Why Are So Many Celebrities Socialists?

This is something that has grated me for quite a while and yet in recent times I’ve come to accept that if there is anyone in the public eye for whom I have an admiration – be it an actor, musician, comedian or artist – they are likely to hold left wing views. I should add for I continue that the very word celebrity is not one that I am a fan of because it tends to indicate someone of fame as opposed to someone who has actually achieved recognition via applied talent in their field. However, the term is now such an ingrained part of our language that a post like this is almost impossible to write without referring to the word. So be it, we live in a word of celebrities…I’ll sigh and get on with it…

Back to the topic at hand then. Typically, this concept has raised itself around the time of general elections, when for the past ten years or so we have experienced with growing frequency a plethora of celebrities wheeled out in support of their affiliated party, or similarly to condemn another party for their policies. Given the fact that I am at least economically inclined to vote for the Tory party in most elections and yet my entertainment tastes are often alternative, underground or at least eclectic, this means that I am faced with the uncomfortable scenario of people I like and admire telling me that I should vote for a politic party that I have little time for. I can of course turn a blind eye to this, but in more recent times, these suggestions have developed into a more aggressive form of persuasion; during the last general election there were a number of high profile cases where certain celebrities were suggesting that by voting for the Tory party I was in some way incredibly selfish, greedy and in part to blame for the misfortune of thousands of people.

Now, the purpose of this post is not really to justify my political tendencies. I have already indicated that I am economically inclined to vote Tory. That is not to say that I am a hard-line Tory or rigidly right wing. Or even always vote Tory. I often evolve my views, I am regard myself as a Libertine in many ways, and being married to a teacher means that I do have views that do not necessarily lend themselves to the core beliefs of the blue party. However, these are points that can be expanded upon at another time. The point here is that from a economic standpoint, there seems to be a predilection for many celebrities to endorse a socialist standpoint which often seems at odds with the lifestyle or wealth that they have accumulated and I find it curious as to how they can justify this juxtaposition.

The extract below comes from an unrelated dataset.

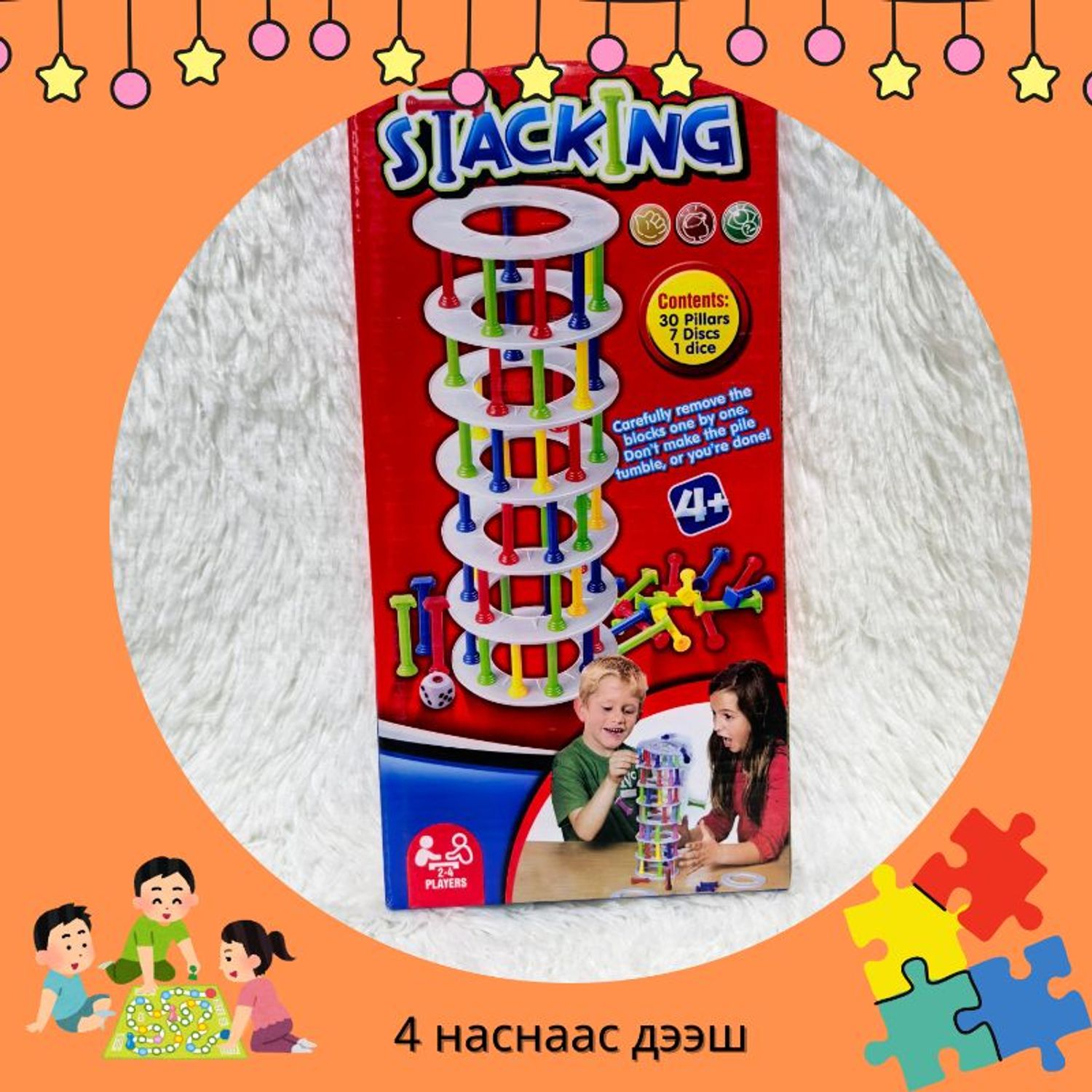 Хэн нураахгүй өндөр болгох вэ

The list is so exhaustive that I can cherry pick examples without too much effort, but the essence has remained for as long as time records. Go back to the sixties for instance and you’ll find actors of the caliber of Stanley Baker and Richard Burton being staunch socialists (the former being closely involved with Harold Wilson). Baker faced frequent criticism for being incredibly wealthy whilst maintaining a left-wing position on economics and sending his children to private school. He even considered moving abroad (he had a large villa in Spain) for tax avoidance but ultimately decided to remain as he would “miss Britain.” The gap between Baker’s beliefs and practice was clearly large and the same could be applied to Richard Burton, who did actually make an effort at articulating his thoughts on the matter. When it was put to him that there might be a slight contradiction in his views and the reality that he earned huge quantities of money for his roles in some of the blockbusters of the day, Burton replied, “unlike capitalists, I don’t exploit other people.” It was an interesting retort, but this comes down to the fact that he wanted a society in which everyone was equal in terms of pay unless they held a job by which they could claim not to have a hold over anyone else. And what could possibly constitute such a profession? Even the local plumber can money simply due to a lack of competition and therefore establish a monopoly with no barriers to his own pricing structure. Perhaps Burton should have spared a thought for his own profession and the fact that his vast earning power was at least in part down to the fact that people had to pay a set amount of money to see his films. I am of the view that he was a wonderfully talented actor with a supreme voice, but that it a subjective view and most people would at least consider him fortunate to have been able to succeed in a highly desirable and competitive profession (especially given his lack of professionalism and alcoholism). How dare he criticism anyone else for taking the opportunities that exist within the framework of society in order to pay the bills and provide for their children? Especially given that they are the people who are essentially paying his wages.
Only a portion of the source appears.